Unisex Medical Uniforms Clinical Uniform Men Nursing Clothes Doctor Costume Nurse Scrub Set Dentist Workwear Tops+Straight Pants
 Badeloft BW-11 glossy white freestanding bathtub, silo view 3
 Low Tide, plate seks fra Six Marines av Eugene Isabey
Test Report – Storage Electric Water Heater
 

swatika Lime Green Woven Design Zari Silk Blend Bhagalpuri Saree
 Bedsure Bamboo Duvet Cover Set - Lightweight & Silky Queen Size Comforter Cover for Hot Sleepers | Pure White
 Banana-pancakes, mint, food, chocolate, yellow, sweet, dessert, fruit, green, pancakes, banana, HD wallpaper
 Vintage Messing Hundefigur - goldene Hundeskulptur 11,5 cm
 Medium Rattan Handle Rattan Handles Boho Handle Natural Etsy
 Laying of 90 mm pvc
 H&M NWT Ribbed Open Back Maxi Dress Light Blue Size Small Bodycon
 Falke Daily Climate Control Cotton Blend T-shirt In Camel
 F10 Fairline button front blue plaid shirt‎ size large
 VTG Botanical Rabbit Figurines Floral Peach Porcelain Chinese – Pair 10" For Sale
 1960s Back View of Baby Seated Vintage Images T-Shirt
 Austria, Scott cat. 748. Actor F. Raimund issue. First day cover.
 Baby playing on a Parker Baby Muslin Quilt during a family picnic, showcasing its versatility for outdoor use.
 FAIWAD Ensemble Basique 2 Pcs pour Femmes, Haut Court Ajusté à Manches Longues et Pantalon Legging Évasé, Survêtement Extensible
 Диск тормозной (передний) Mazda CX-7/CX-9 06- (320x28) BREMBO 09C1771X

***

What the task asks - When the line with "Badeloft BW-11 glossy" is reached in the data above, begin copying, and stop after the line with "Bedsure Bamboo Duvet"; copy each line exactly, both ends included.

Your response -
 Badeloft BW-11 glossy white freestanding bathtub, silo view 3
 Low Tide, plate seks fra Six Marines av Eugene Isabey
Test Report – Storage Electric Water Heater
 

swatika Lime Green Woven Design Zari Silk Blend Bhagalpuri Saree
 Bedsure Bamboo Duvet Cover Set - Lightweight & Silky Queen Size Comforter Cover for Hot Sleepers | Pure White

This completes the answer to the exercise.